After a successful run on the second stage of Ozzfest this summer, Flaw is getting back to grass roots. Over the next seven weeks, the band will be hitting smaller venues in places that Ozzfest didn't reach in an effort to expand their fan base.
Singer Chris Volz says Ozzfest was a once-in-a-lifetime experience, but he'll be happy to get back to a more intimate setting - not to mention a more normal performance time.
"(Ozzfest) was a rotating schedule, so some days we were literally on stage at like nine in the morning," Volz said. "That was quite strange."
He says Flaw won't miss the big outdoor shows of Ozzfest, though. This tour will give them a chance to connect more closely with fans.
"It's really almost a separate feeling when you play these huge outdoor festivals because the barricades are 15 or 20 feet from the stage," he said. "People don't feel as close to you as they do in a club setting where they're right up against the stage and you can reach out and shake hands, talk to them, show respect in that manner."
Taking care of their fans and earning new ones is what Flaw is all about. Volz says they try to go the extra mile in their live shows, even when that includes hanging around afterwards.

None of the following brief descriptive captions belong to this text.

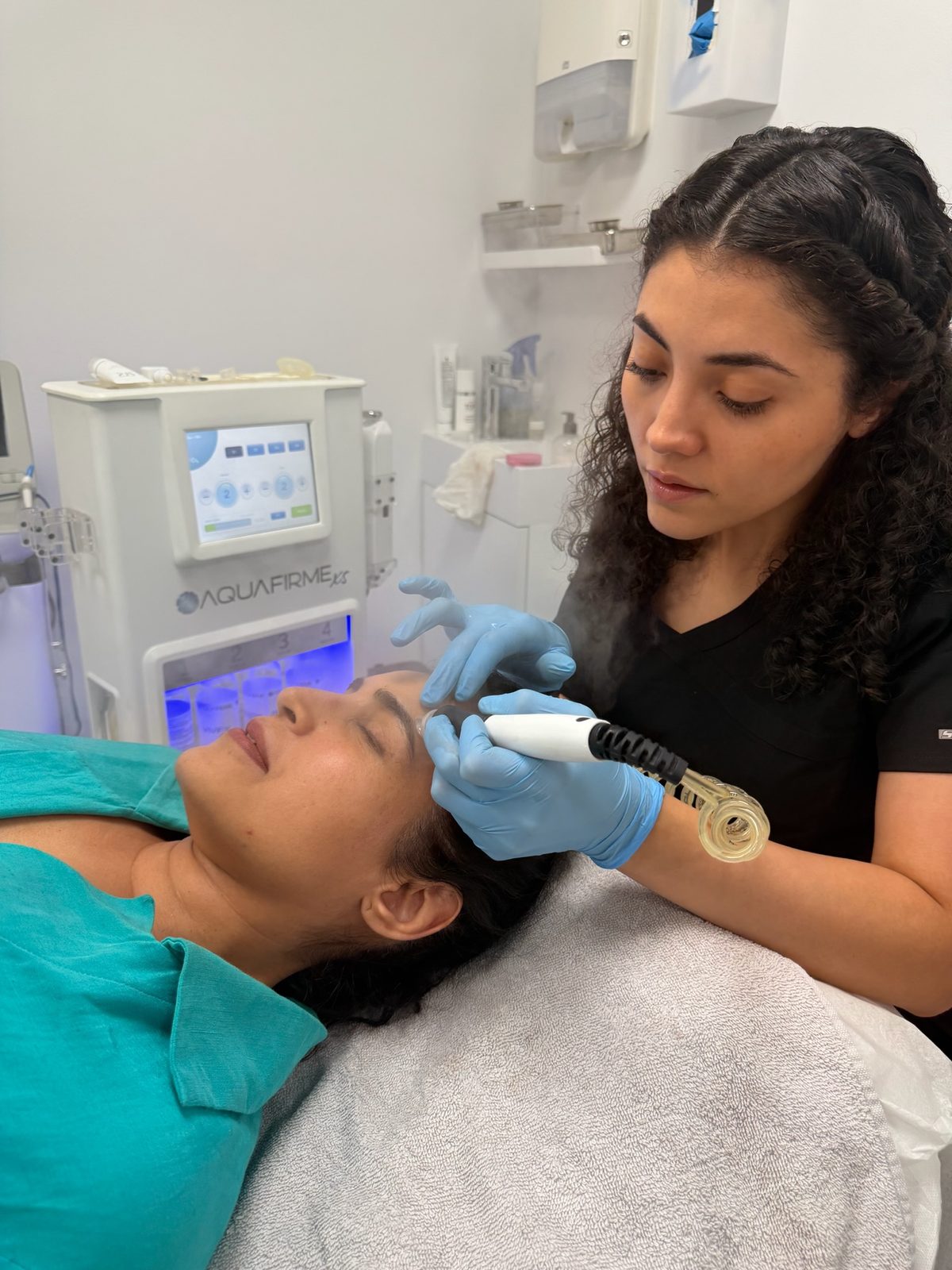 Shanelle performing an AquaFirme facial, guiding the handpiece along a client's brow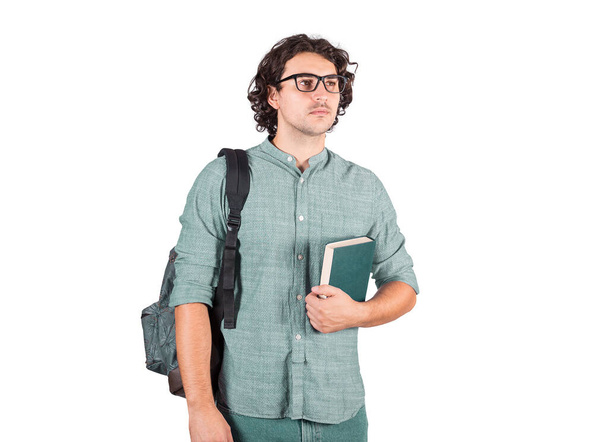Portré egy diákról, aki könyvet tart a mellkasához, és vállán cipeli a hátizsákját. Vonzó barna fiatalember, hosszú göndör frizura, szemüveges, vissza az iskolába elszigetelt fehér. - Fotó, kép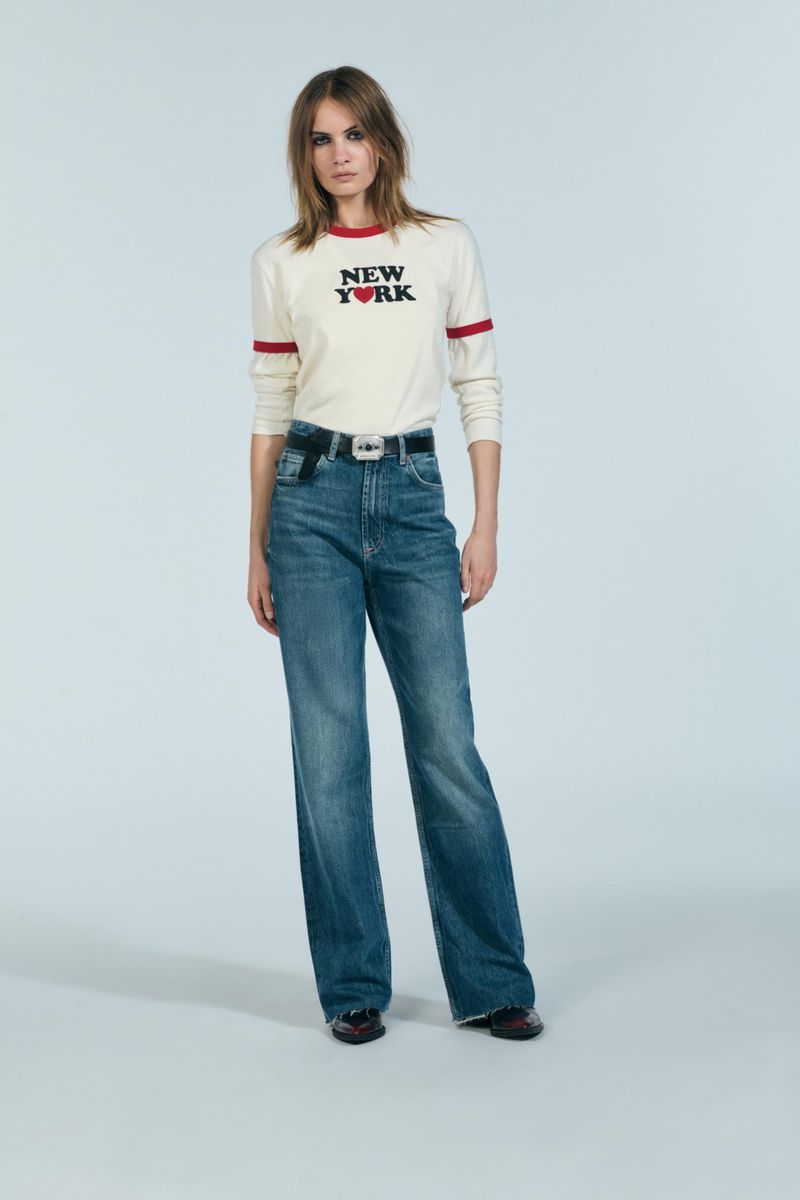 A woman in jeans and a t-shirt stands in a full shot against a light background, posing in a casual studio setting.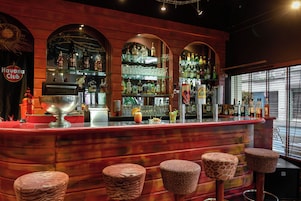 Una zona de bar con mostrador rojo, estantes llenos de botellas y tres taburetes con estampado de animales.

"We have an intense live show," Volz said. "We're really energetic. We go nuts a lot. We really just try to feel what the crowd is feeling. We're also the band that stays after the show and signs autographs until the last person is gone. It's a really emotional thing for us."
It seems to be working. Their major label debut "Through the Eyes" has shipped 300,000 copies in its first year of release, and their latest single "Whole" is still going strong. The diverse collection of songs appears to have a wide appeal. Volz says he hopes there's something on the album everyone can relate to.
"We definitely like diversity in music, and we feel music should imitate life," he said. "Life's never really the same for too long. We think music should follow that same guideline, so it never really gets stale."
Coming out of Louisville, Ky., the band had a few problems getting noticed early on. One thing they needed was a CD to put in press kits and promo packs. That was an issue with the shoestring budget provided by their part-time jobs. A popular music catalog's 30-day money back guarantee provided a unique, if perhaps legally questionable, solution.
"We ordered all of the equipment we needed out of Musician's Friend to record our own album," Volz explained. "They have a 30-day money back guarantee, so we used the stuff for about 26 days and recorded as many songs as we could in that time. Then we sent it back saying we just didn't like the equipment. All we had to do was actually pay for shipping and handling, so we recorded 13 songs for about $69."
Volz and the rest of the band have no regrets about the deception. He says they were hungry to make their mark in the music business, and that was the only way open to them.
"It's borderline fraud, but sometimes it's the only way to get things done," he said. "You've got to do what you've got to do."
With Universal, the band doesn't have that problem. Volz says they'll finish writing for the second Flaw album when this tour is over and go into the studio in January. He hopes to have a new product out by spring 2003. Then they'll hit the road again.
"We're going to stay on the road, keep coming to as many towns as possible and try to stay in everyone's face so that they have a chance to understand exactly what we're trying to do," he said.